INFORMATION PROVIDED:
━━━━
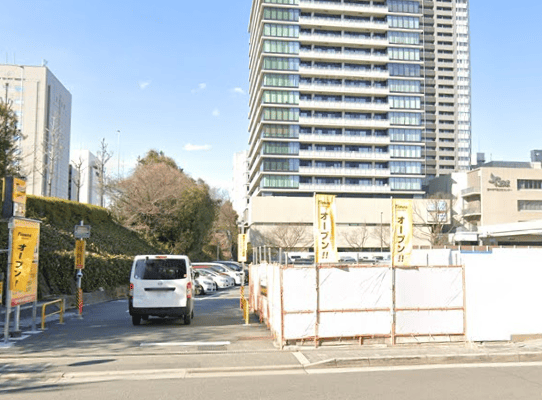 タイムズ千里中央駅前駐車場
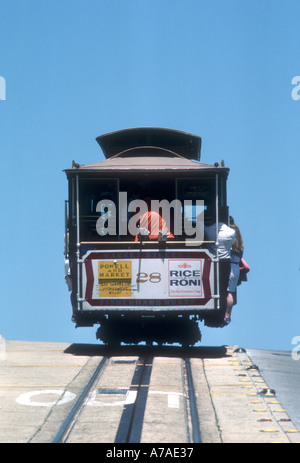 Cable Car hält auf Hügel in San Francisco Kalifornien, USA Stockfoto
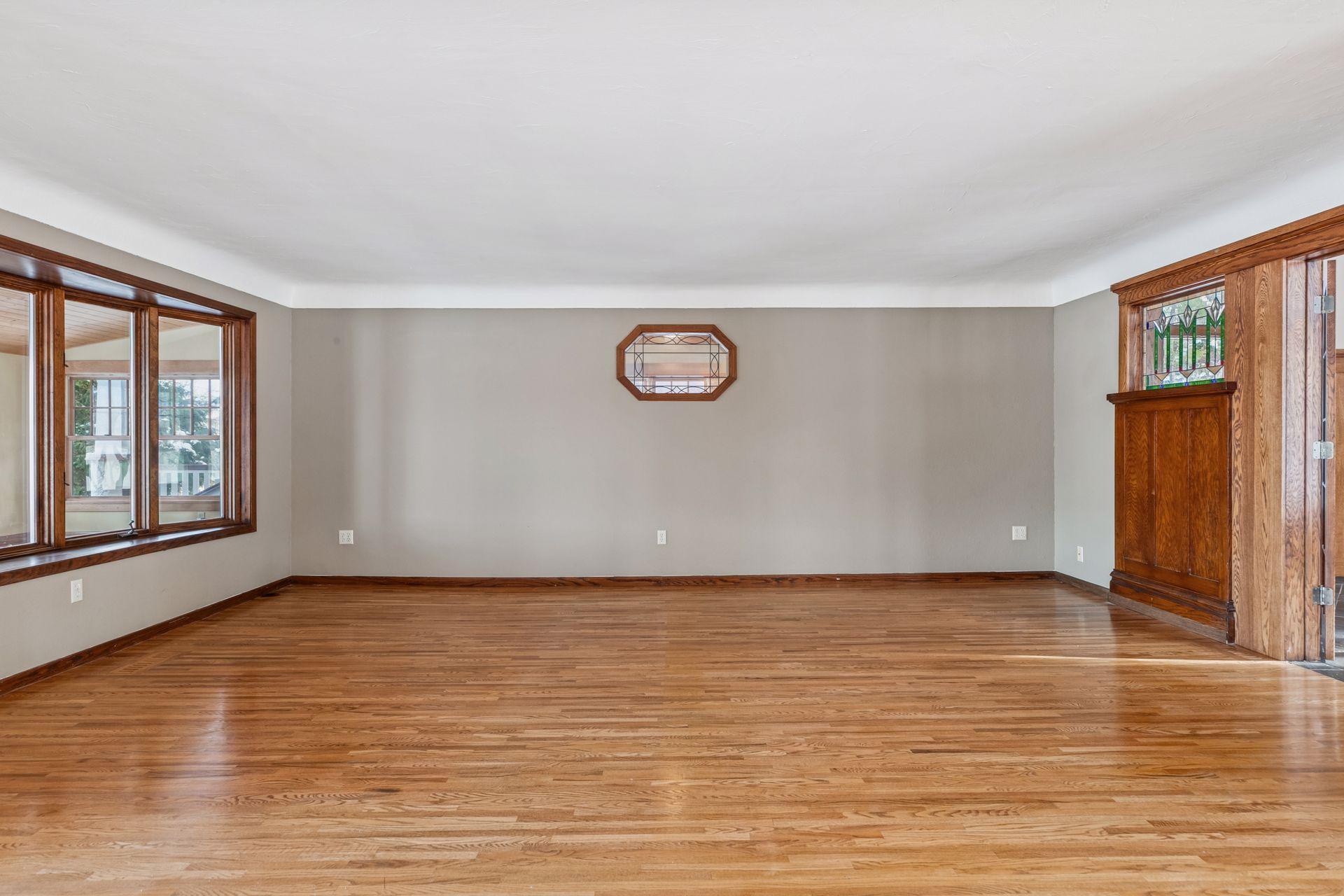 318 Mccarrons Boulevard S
━━━━
TASK BRIEF: Output the whole listing again, exactly, without its pictures.

RESPONSE TO THIS EXERCISE:
 タイムズ千里中央駅前駐車場
 Cable Car hält auf Hügel in San Francisco Kalifornien, USA Stockfoto
 318 Mccarrons Boulevard S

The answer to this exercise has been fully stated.